:: Task statement ::
Copy everything in the listing below word for word, apart from any images.

:: Data excerpt ::
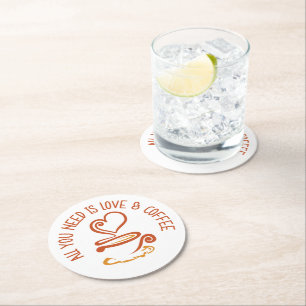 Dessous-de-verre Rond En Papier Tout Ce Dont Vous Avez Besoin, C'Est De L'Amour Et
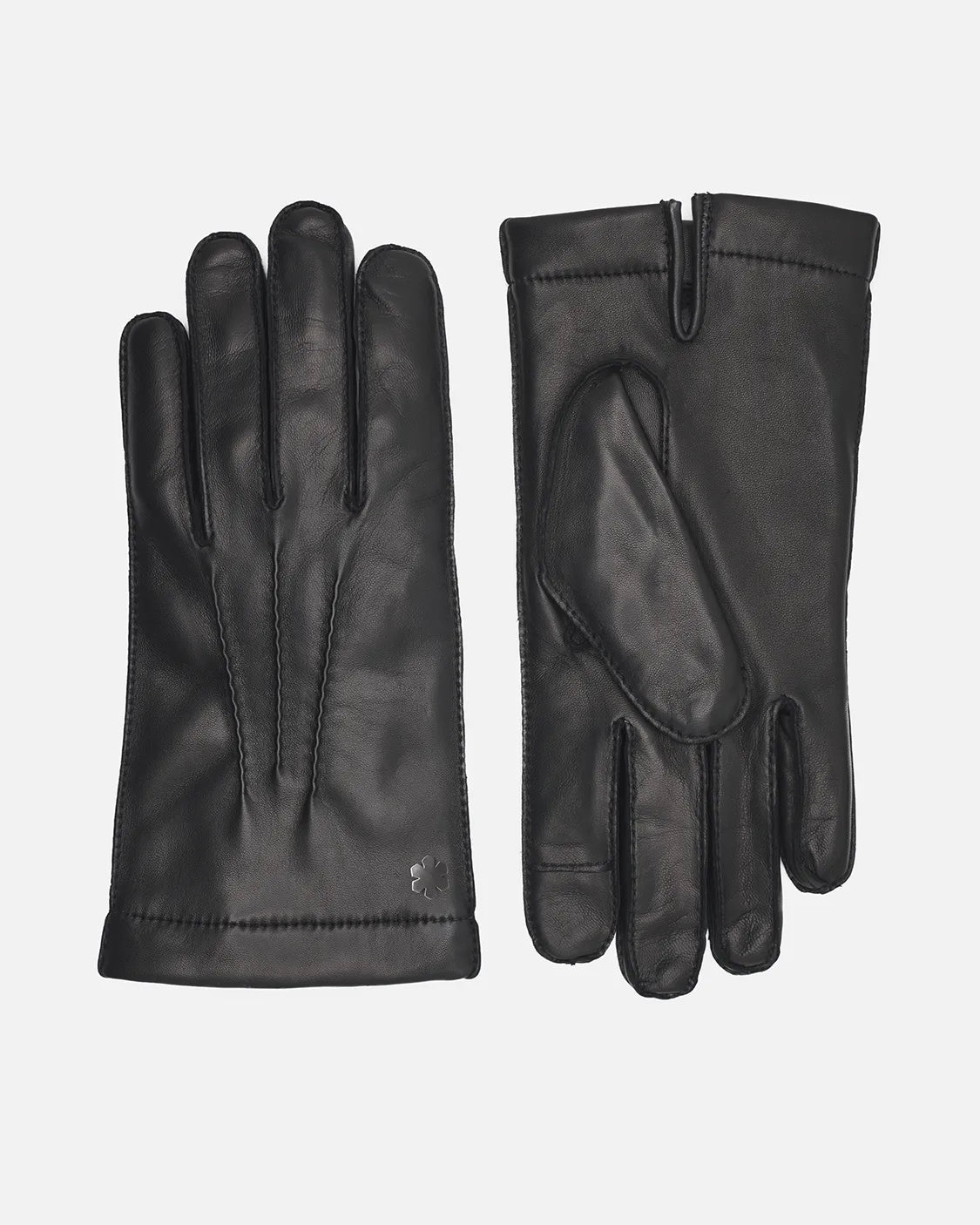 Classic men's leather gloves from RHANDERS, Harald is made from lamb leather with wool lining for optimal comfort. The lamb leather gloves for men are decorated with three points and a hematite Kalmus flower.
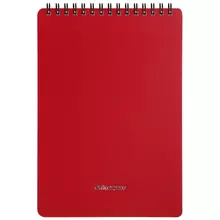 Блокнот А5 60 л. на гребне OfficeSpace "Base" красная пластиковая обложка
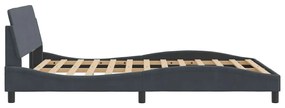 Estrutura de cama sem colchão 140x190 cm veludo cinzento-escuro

:: Exercise result ::
 Dessous-de-verre Rond En Papier Tout Ce Dont Vous Avez Besoin, C'Est De L'Amour Et
 Classic men's leather gloves from RHANDERS, Harald is made from lamb leather with wool lining for optimal comfort. The lamb leather gloves for men are decorated with three points and a hematite Kalmus flower.
 Блокнот А5 60 л. на гребне OfficeSpace "Base" красная пластиковая обложка
 Estrutura de cama sem colchão 140x190 cm veludo cinzento-escuro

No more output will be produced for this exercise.